Pengaturan tentang AI menjadi isu mayor di pelbagai negara dunia. Merujuk laporan Reuters pada 13 September 2023 lalu, saat ini terdapat sepuluh negara yang sedang menyiapkan regulasi dan ada pula yang menerapkan aturan transisi. Selain itu, dua lembaga dunia, yakni G7 dan Perserikatan Bangsa-Bangsa (PBB), juga tengah menyiapkan perangkat aturan mengenai AI.

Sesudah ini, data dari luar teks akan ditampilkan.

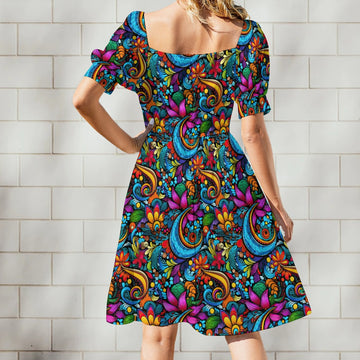 Paisley Sweetheart Midi-Dress - Sunshine on the Seas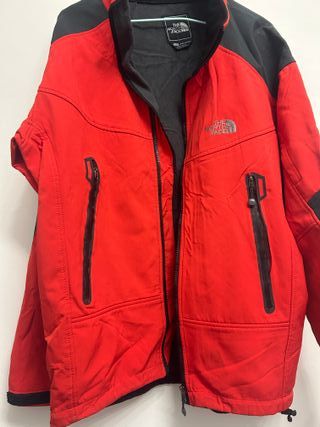 The North Face Abrigo Hombre Rojo y Negro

Sejumlah isu yang menjadi perhatian pelbagai dunia terkait pengaturan AI ini seperti pencegahan penyebaran pelecehan seksual terhadap anak (Australia), persaingan usaha (Inggris), keamanan bagi negara dengan kewajiban AI mendapat izin dari negara (Tiongkok), penyelidikan atas dugaan pelanggaran hak privasi (Prancis, Italia, Jepang, Spanyol, dan Polandia), pemanfaatan AI bagi kepentingan militer dan nonmiliter untuk perdamaian dan keamanan global (PBB), serta soal tidak diakuinya karya seni yang dihasilkan oleh AI (Amerika Serikat).

Indonesia bukan tak ada upaya untuk mengelola keberadaan AI. Sebagaimana tertuang dalam Strategi Nasional untuk Kecerdasan Artifisial 2020–2045 yang dirilis Badan Pengkajian dan Penerapan Teknologi (BPPT) pada 2020, juga memberi perhatian soal pentingnya pengaturan yang memuat tentang etika dan tata kelola kecerdasan buatan dalam penerapan teknologi kecerdasan buatan.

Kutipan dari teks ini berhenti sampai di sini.